THERE IS VERY LITTLE ATTENTION paid to girls in skate parks, even when they have a skateboard tucked under their elbows like they know their stuff.

(And in actual fact, Violet does know her stuff. There are little things in life that she isn't certain of—important things, mostly—but when it comes to skating, it's the only thing she knows in its entirety. The only thing that would never abandon her, unless someone forcibly cut her legs off.)

When a girl walks into any skate park, the first thing she'll see is boys cruising in shark packs scratching up the concrete, thundering up and down ramps, wheels screaming with a cruel vengeance against the ground as they fly past on their boards. The first thing she'll smell is the imposing ocean of testosterone, aggressive waves of it surging against her skin. Sometimes, it gets overwhelming. Sometimes, they'll overshoot their landing and shave the pavement a little too close to you and carve a second before your nose hits their shoulders. Sometimes, you'll feel the need to back out and run towards somewhere less populated. Somewhere you're by yourself with nobody else.

But Violet, Sage and Kit barely feel the judgemental looks shot their way when they walk into Tillicum skatepark, throwing their skateboards on the ground to mark out their territory, a fearless sidewalk tribe of bruised knees and undaunted edge and shark-teeth cruising on their skateboards at a speed that should be throwing sparks from under their wheels. Nobody would chase them away. It was just them three and every bruise, every secret whispered into the void, every scratch and tumble, every hard fall and rolled ankle, every memory etched into scar tissue against the world. Until Sage almost fought a guy with her bare fists for cutting into her path while she'd been skating, ruining her line. In any other scenario, Violet would've knifed the guy there and then, or she might've gone the less primitive route and figured out his name, figured out what his father did for a living, ruined his life a little bit, but before she could decide on how best to exploit her father's power or indulge in her own violence, Kit had ushered them out of the park and dragged them both by the scruff of their necks like kittens towards her house.

(On the way, Violet had made up her mind: it wasn't worth it.)

"I don't get it," Sage said, frowning at Violet like she was a half-scrambled and virtually unsolvable thousand-piece puzzle on a coffee table. She sat on the top of the ramp, legs dangling over the edge, as she reviewed the video recordings of Violet and Kit's lines.

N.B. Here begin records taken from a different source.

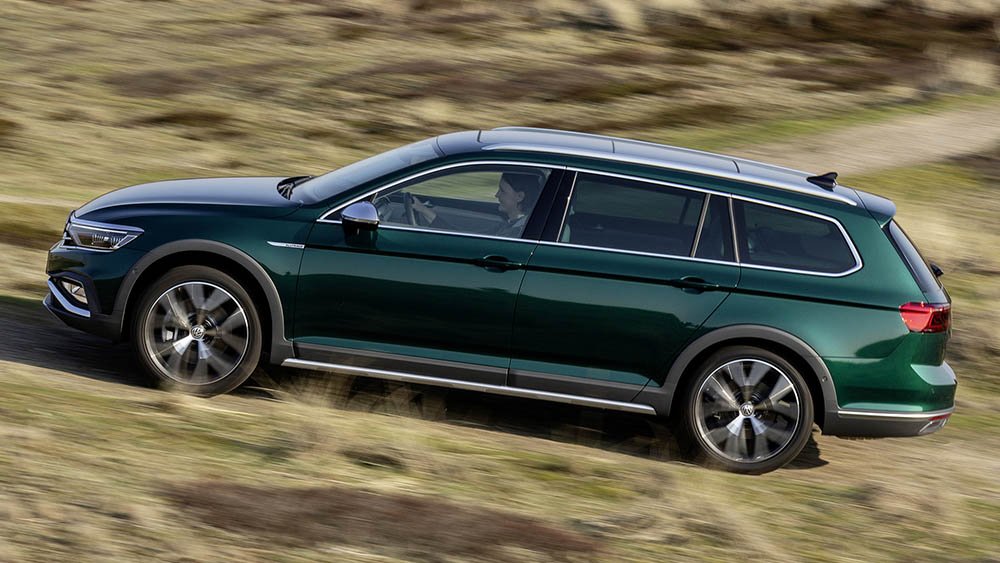 Универсал Volkswagen Passat Alltrack на бездорожье Volkswagen Passat Alltrack на бездорожье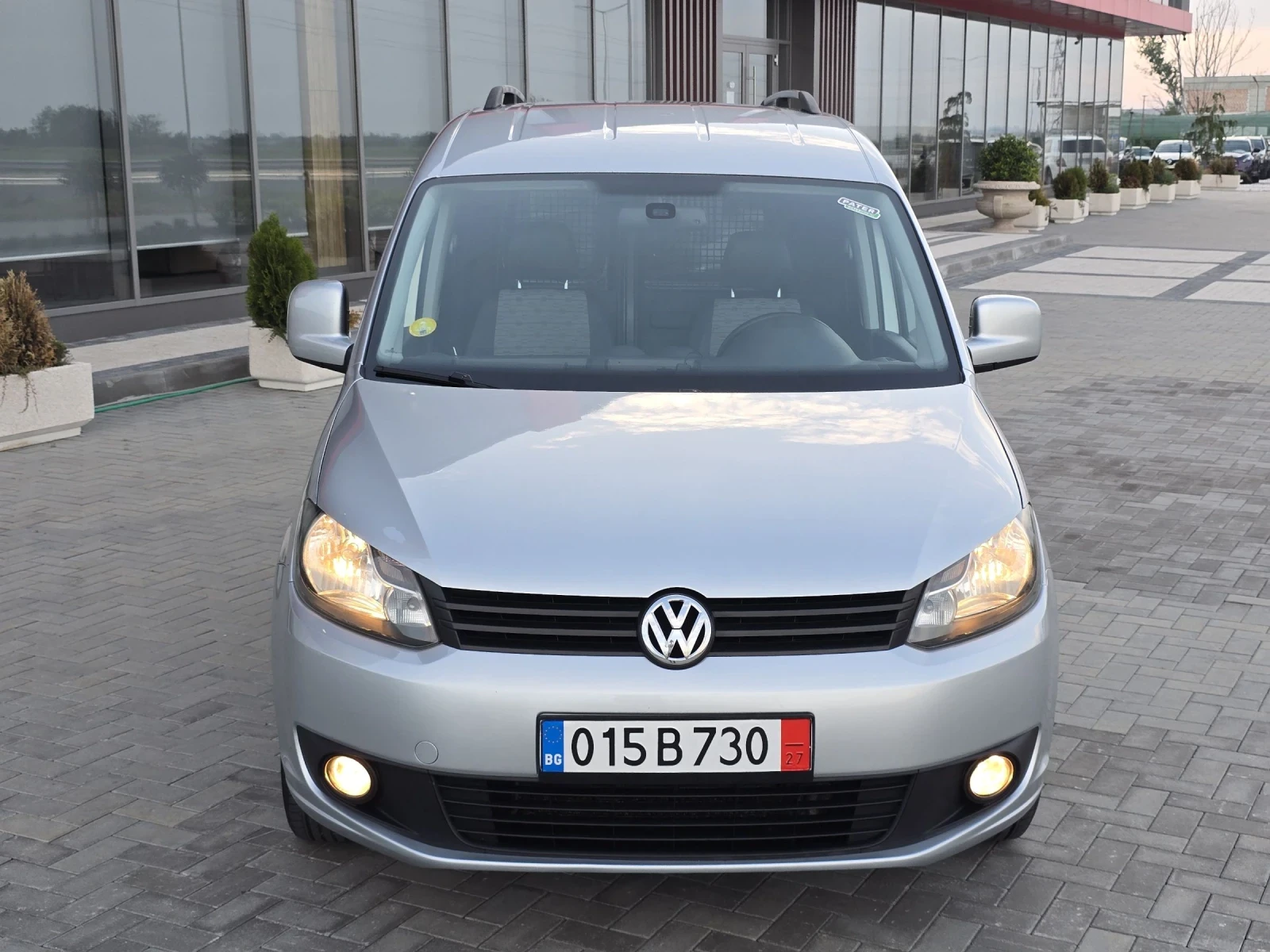 VW Caddy 1.6TDi - изображение 2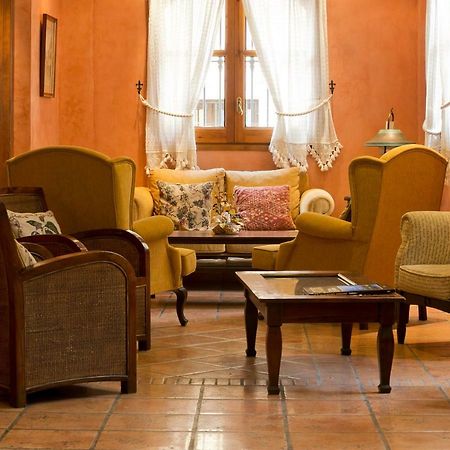 Hotel Restaurante La Masieta Крейсел Екстериор снимка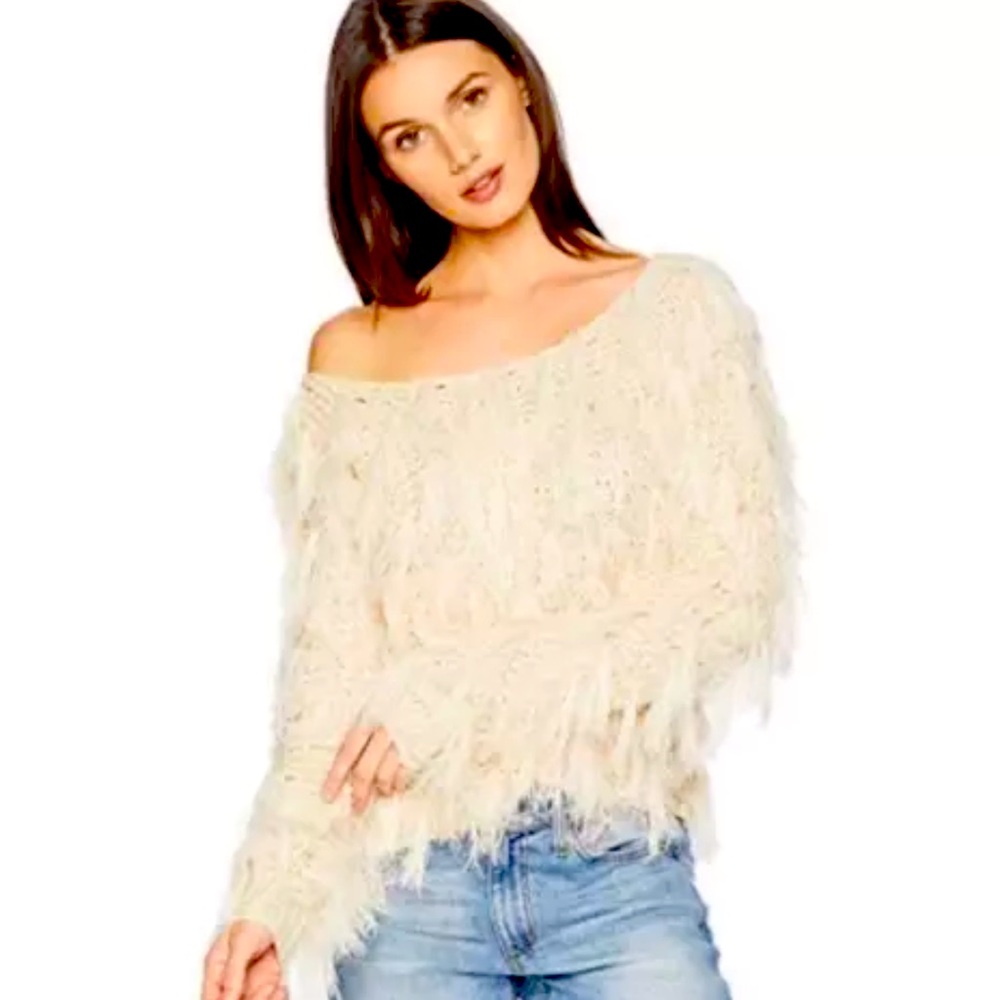 Romeo & Juliet Couture Eyelash Sweater NWT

"It's not that hard," Violet said, kicking her skateboard back onto its trucks and planting one foot on it. "I mean once you get the angle right—"

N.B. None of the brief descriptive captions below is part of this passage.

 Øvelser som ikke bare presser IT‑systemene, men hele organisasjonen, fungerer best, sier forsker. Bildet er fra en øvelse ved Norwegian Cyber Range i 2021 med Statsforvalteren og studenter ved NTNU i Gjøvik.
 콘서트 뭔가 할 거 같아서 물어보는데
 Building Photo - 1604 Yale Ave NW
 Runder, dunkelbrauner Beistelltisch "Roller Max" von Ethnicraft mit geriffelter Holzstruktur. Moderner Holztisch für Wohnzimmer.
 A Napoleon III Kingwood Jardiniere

"No, no, I don't mean, like, the kick-flip." Sage waved a dismissive hand. "I meant the other thing. Bella. She's kinda hot, just saying."

Even before Sage's clarification, Violet already knew what she was going to bring up. After school, after Violet's weekly therapy session with Dr Josten, and after the entire fiasco at Tillicum, she'd come to Kit's backyard skatepark with the intention of forgetting the entire situation. Just for a moment. Skating was always an in-the-moment thing. In the moment, she could think of nothing else, could do nothing else but let the mechanics of the next trick take over in muscle memory. There was no time to think when skating. Each moment critical to the balance and focus, and nothing else to distract her from perfecting a trick. That's what she needed now. A moment not to think about anything, to leave her own head for a little while. The last thing she wanted to talk about was Bella Swan and her involvement with Victoria.

Earlier, she'd already given the girls a rundown of her entire interaction with Alice in the bathroom, then the lunchtime ordeal with Bella and Edward, in addition to a brief summary of today, when Bella had caught her in the hallway with another attempt at friendship or something akin to that. But it'd been the last class of the day, and all Violet wanted to do was get this afternoon's therapy session over and done with so she could skate with Kit and Sage. What she'd purposefully omitted from the recount, though, was that she'd managed to wrangle Alice Cullen's number out of Bella.

Shielding her eyes with one hand, Violet tipped her head back, letting the warm rays stroke her skin. For once in a long time, the sky wasn't all clouds and ever-present gloom. Just the barest of blue, but it's enough to draw people out of their homes. They'd passed a few kids in bathing suits sunning themselves on their front lawns on the way back to Kit's house.

"Yeah, but she's grossly straight," Violet said, with a derisive flick of her fingers. "She just thinks that just because we're both involved with the Victoria thing means we're gonna be tight. Something to bond over, or whatever."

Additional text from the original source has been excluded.